Where the line containing "HFSS79 - Farmry" appears in the entries below, begin there and output every line through the last, exactly, minus the pictures.

Image-caption web data:

-------

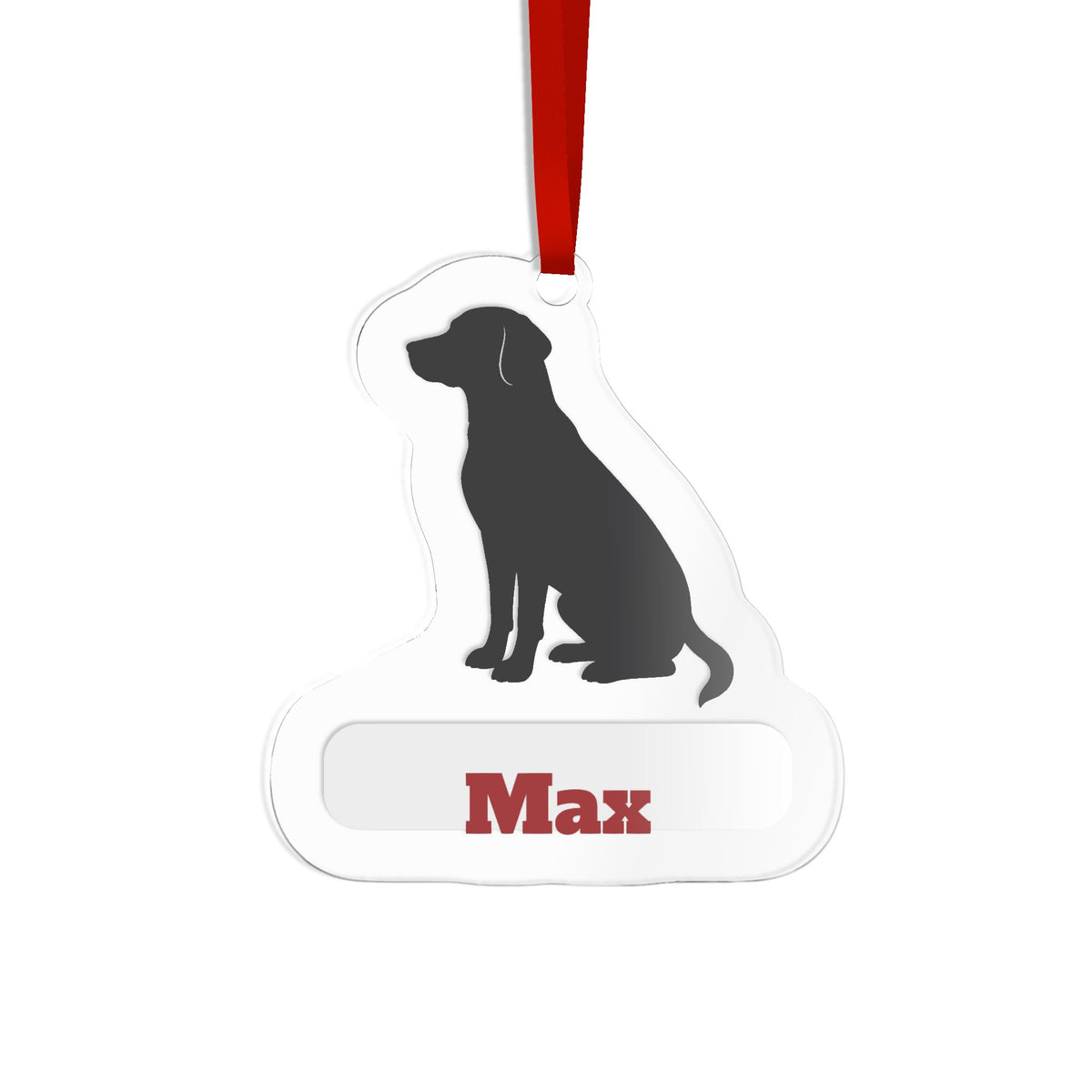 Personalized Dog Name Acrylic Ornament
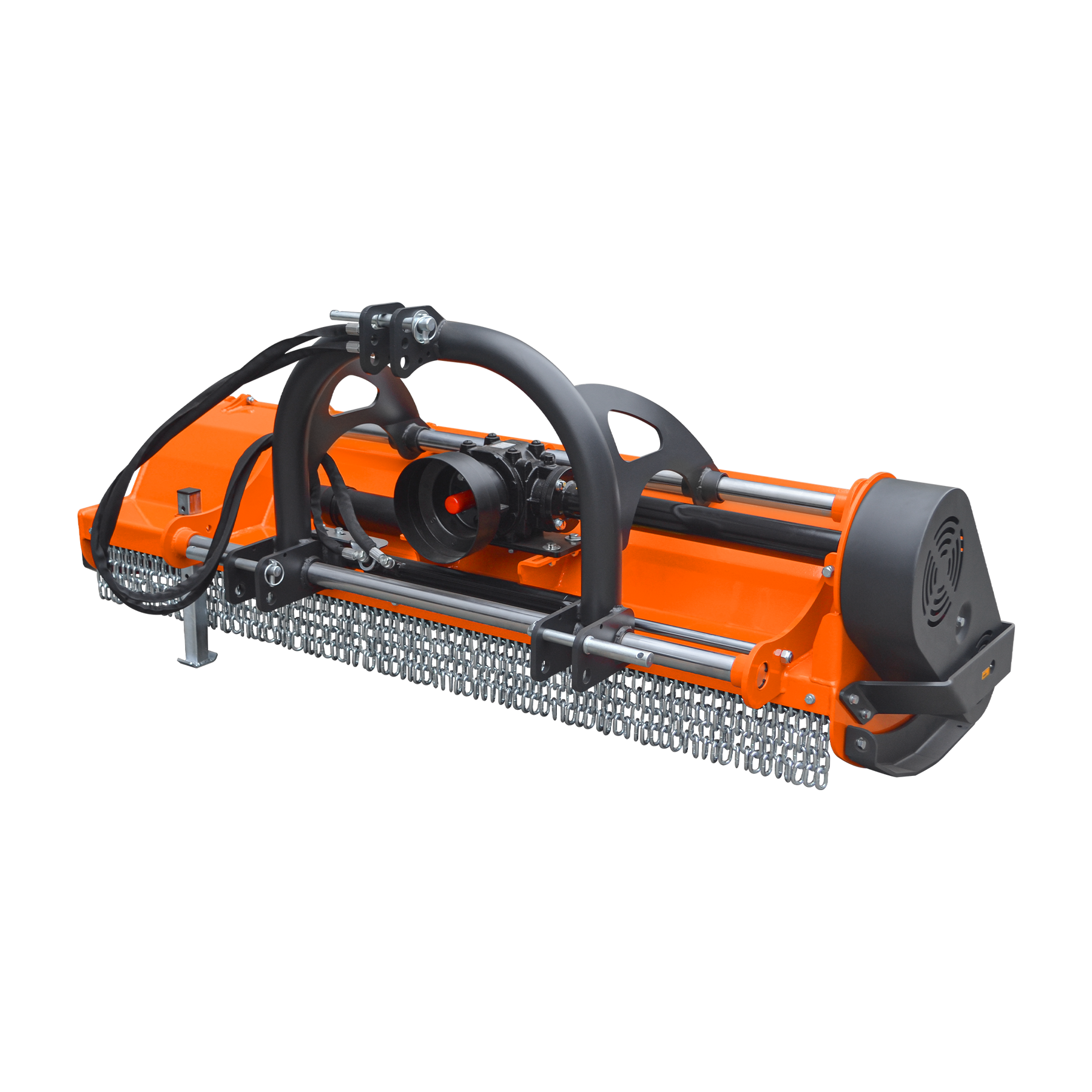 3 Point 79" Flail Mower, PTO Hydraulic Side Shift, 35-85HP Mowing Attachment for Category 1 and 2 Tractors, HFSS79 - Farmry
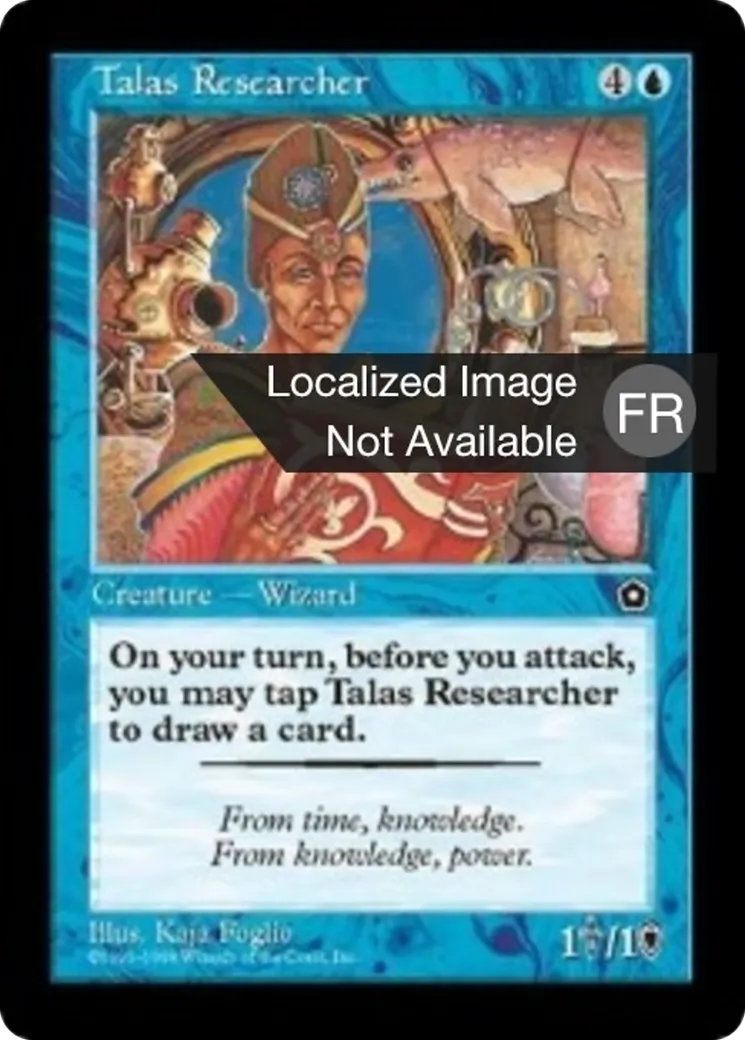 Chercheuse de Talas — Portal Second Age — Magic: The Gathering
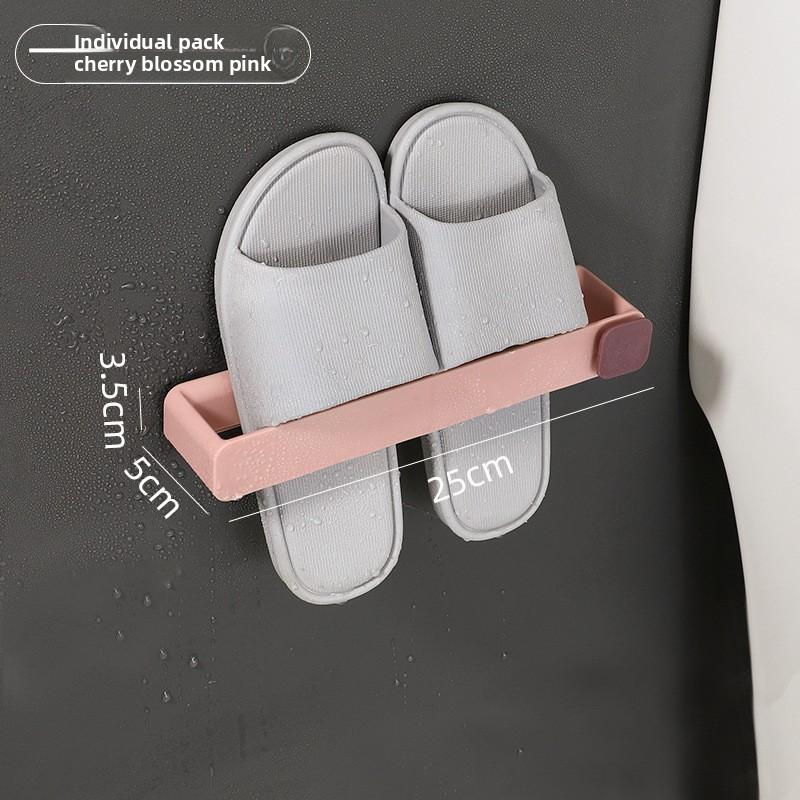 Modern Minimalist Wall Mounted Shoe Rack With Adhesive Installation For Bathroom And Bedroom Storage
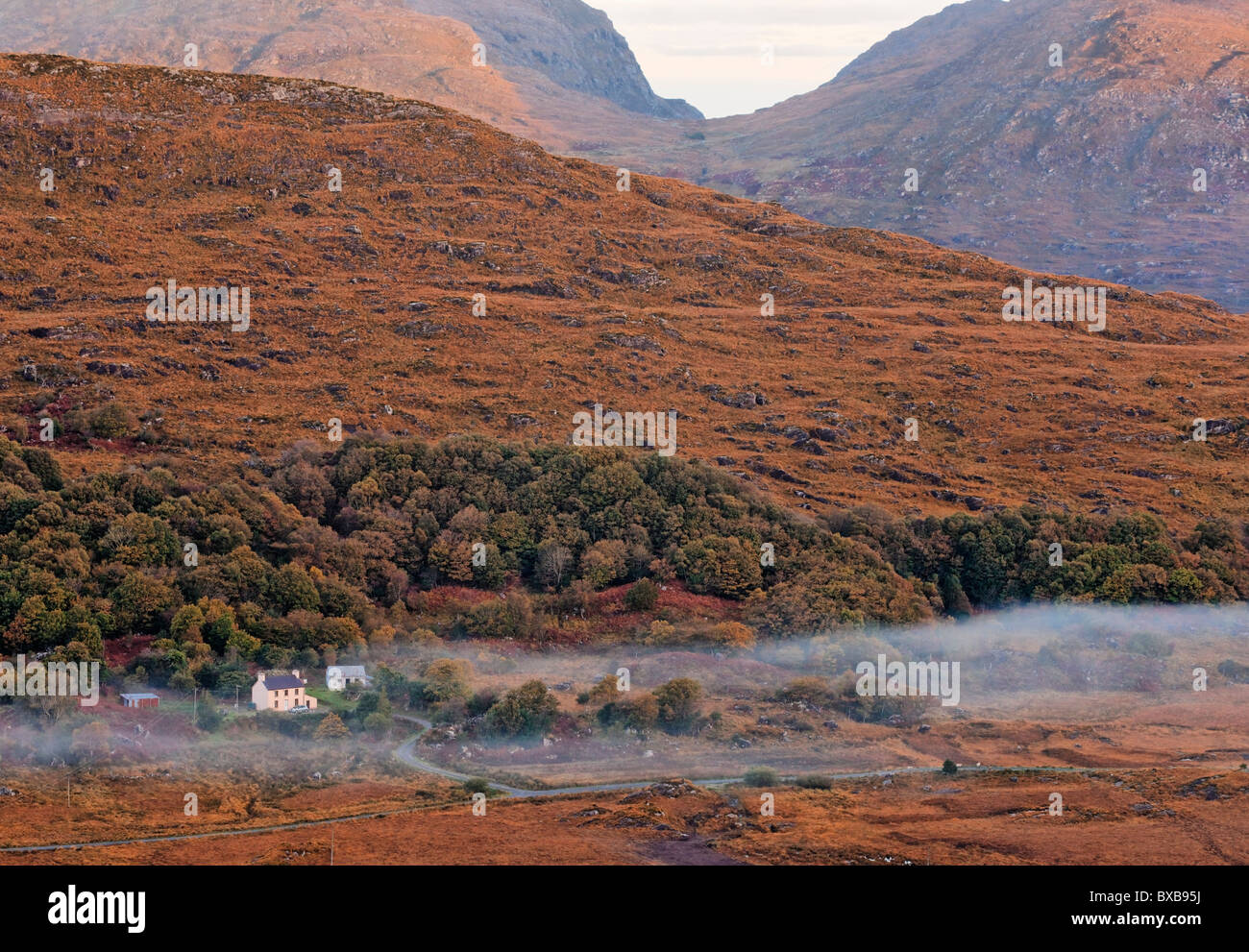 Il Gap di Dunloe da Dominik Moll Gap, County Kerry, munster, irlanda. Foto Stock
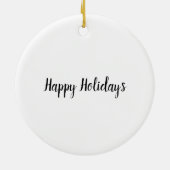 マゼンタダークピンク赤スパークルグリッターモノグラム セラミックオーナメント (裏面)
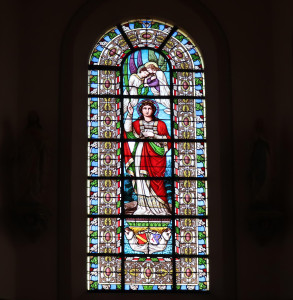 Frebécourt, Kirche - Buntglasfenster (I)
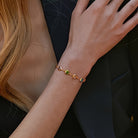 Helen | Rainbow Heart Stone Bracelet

-------

## [Answer below]
 3 Point 79" Flail Mower, PTO Hydraulic Side Shift, 35-85HP Mowing Attachment for Category 1 and 2 Tractors, HFSS79 - Farmry
 Chercheuse de Talas — Portal Second Age — Magic: The Gathering
 Modern Minimalist Wall Mounted Shoe Rack With Adhesive Installation For Bathroom And Bedroom Storage
 Il Gap di Dunloe da Dominik Moll Gap, County Kerry, munster, irlanda. Foto Stock
 マゼンタダークピンク赤スパークルグリッターモノグラム セラミックオーナメント (裏面)
 Frebécourt, Kirche - Buntglasfenster (I)
 Helen | Rainbow Heart Stone Bracelet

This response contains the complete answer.